For the first time, Savannah realized that Dirk had actually hoped, at least briefly, that Polly’s appearance, Valentine rose in hand, might have indicated a desire to reconcile on her part. She also realized that he might have welcomed that. The revelation didn’t sit well with her.
“If we could find out what sort of problem she had, we might know why somebody wanted to kill her,” Savannah said. It wasn’t the time to talk shop, but she couldn’t help herself. Her mental cogs were already whirring. If things went as badly as she was afraid they would for Dirk, he was going to need some help… a lot of help to clear himself of Polly’s murder.
He tossed back the shot and shuddered. “Right now… frankly, my dear… I don’t give a rat’s ass.” As he wiped his hand across his eyes, Savannah thought how tired, how gray he looked.

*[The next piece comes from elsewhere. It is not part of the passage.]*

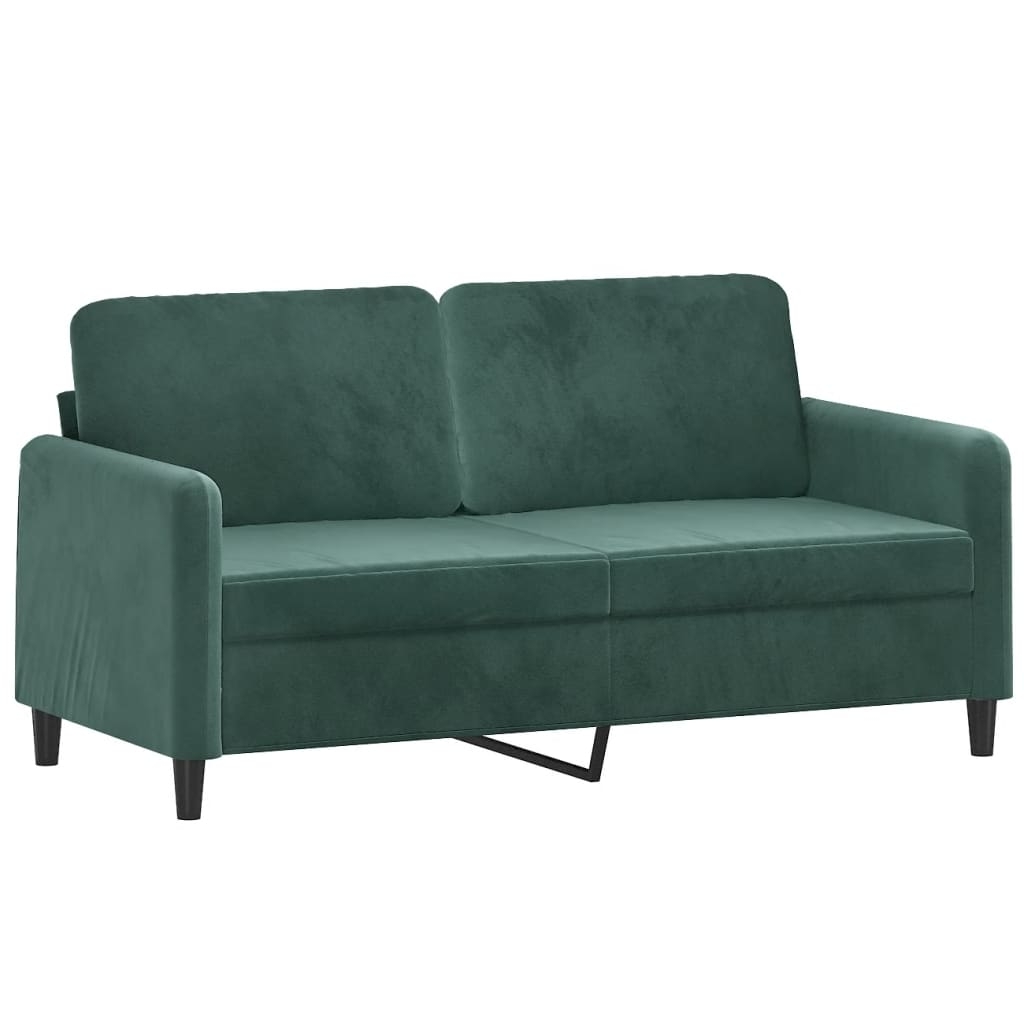 vidaXL Soffa 2-sits mörkgrön 140 cm sammet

She needed to get him into bed soon. “I guess I should care,” he added, slurring his words a bit, “but I don’t. I figure I’ll care later. Tomorrow or maybe the next day.”
Savannah scooped Diamante out of her lap and placed the cat gently on the footstool. The miniature leopard didn’t even open an eye. “I think I’d better get you upstairs and into your bunk, cowboy,” she told Dirk, “before you pass out on me and I have to haul your mangy hide up those steps with brute strength.”

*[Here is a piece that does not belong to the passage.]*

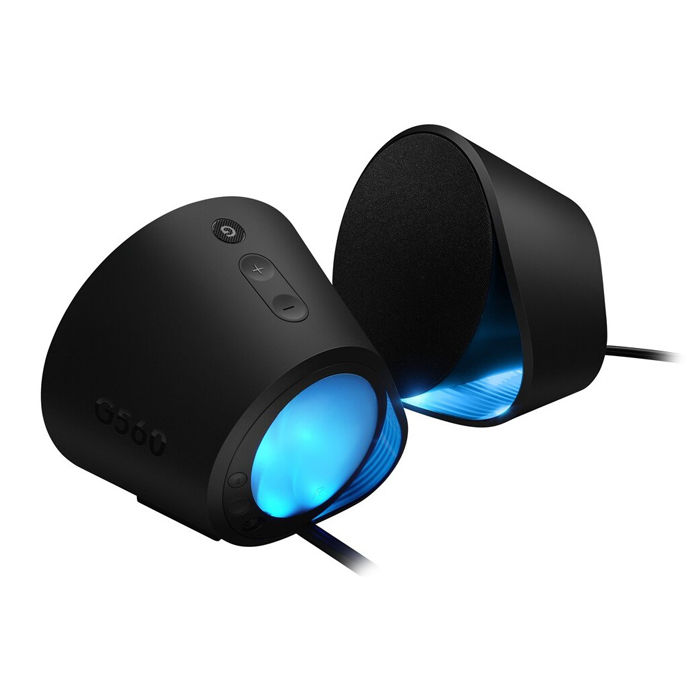Bocinas Logitech G560 LightSync PC Gaming - Sistema de altavoces 2.1 con bluetooth, rgb, 240W (RMS), entradas 3.5mm, DTS-X ultra sorround, color negro. 980-001300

He stood on wobbly legs and took a careful step toward her. “Yeah, I think I’ve enjoyed about as much of this day as I can stand. Let’s put an end to it.”
With his arm slung over her shoulders and hers wrapped around his waist, she helped him up the stairs and down the hallway to her small, but adequate, guest bedroom. She knew he must be exhausted when he didn’t even complain about the room’s feminine, tulip-spangled quilt and lace curtains.

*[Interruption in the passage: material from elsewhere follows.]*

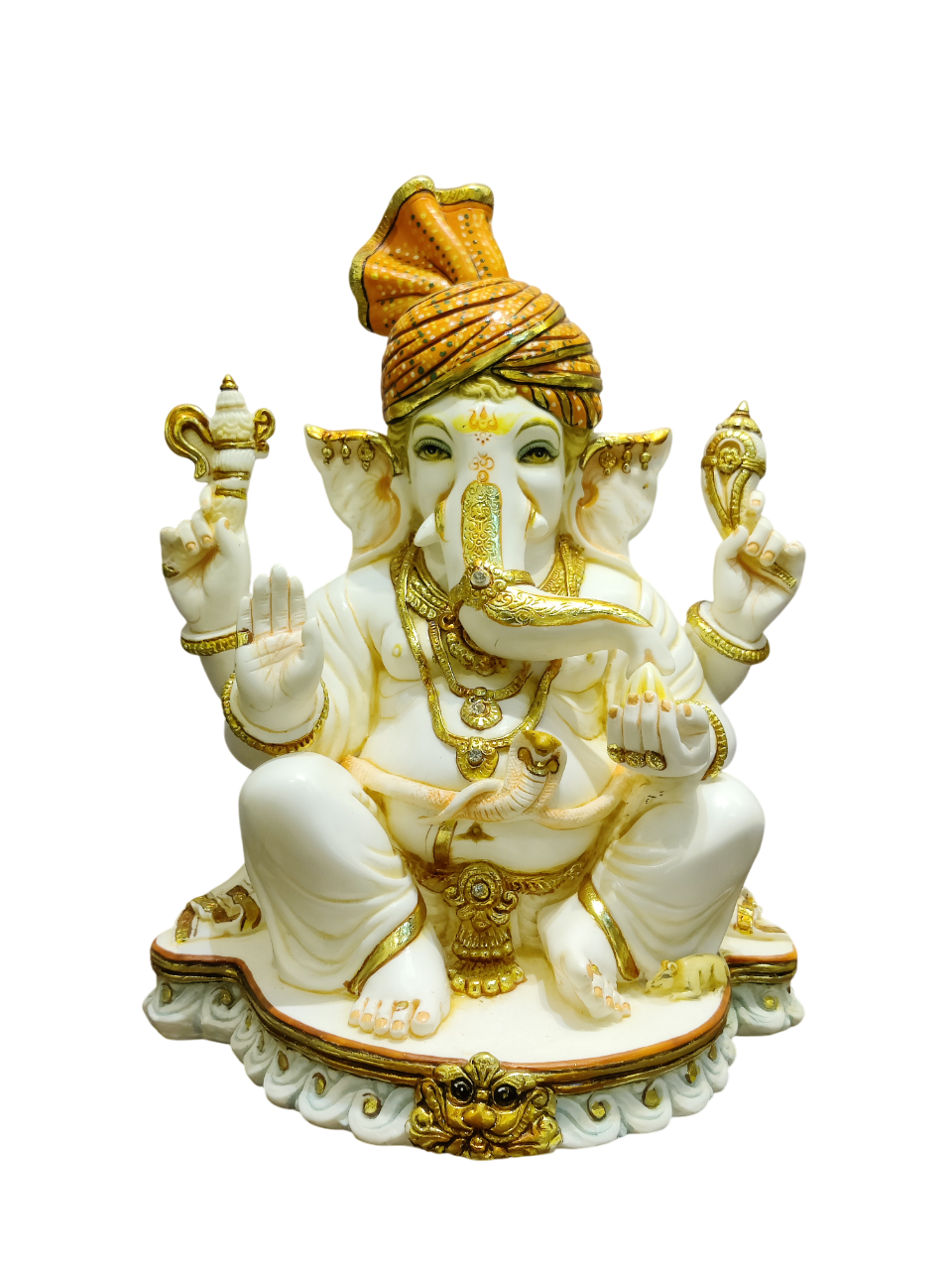 White & Gold Marble Lord Ganesha Idol – Royal Spiritual Elegance - Satyam Collection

She barely had time to pull back the spread and sheets before he collapsed across the bed. “Come on,” she said, tugging his sneakers off and tossing them on the floor, “we might as well make you comfy. Get out of those clothes.”
In much the same way as she would have undressed one of her nieces or nephews, she removed his socks, shirt, and jeans. Although he didn’t help her much, he didn’t resist. She decided to leave on his boxers. Seeing him naked once in a twenty-four-hour period was enough.
“Bathroom’s down the hall on the right if you need it,” she told him. “The door on the left is a closet, and if you ‘drain your dragon’ or ‘hang your rat’ on my linens there, you’re dead meat.”
She waited for a reply but got only a cursory grunt as he snuggled into the covers and bunched the pillow under his head.
“Sleep tight, buddy,” she said as she leaned over and gave him a peck on the forehead. “If you need anything, give a holler.”
When he offered no response, she figured he was already a goner. But after she had turned out the light, as she was softly closing the door behind her, she heard him say, “Thanks, Van… for everything.”
“You’re welcome, sugar,” she whispered. “You’d do it for me.”
“I would,” he said. She could hear the drowsiness in his voice as sleep overtook him. “You know, Van… if you needed me, I’d rescue you, too. And I wouldn’t resent it, like I did with Polly. I’d be glad to help you out.”
Savannah felt a little catch in her throat that seemed to squeeze some unexpected moisture into her eyes. “I know you would, darlin’,” she whispered. “Hush now and get yourself to sleep.”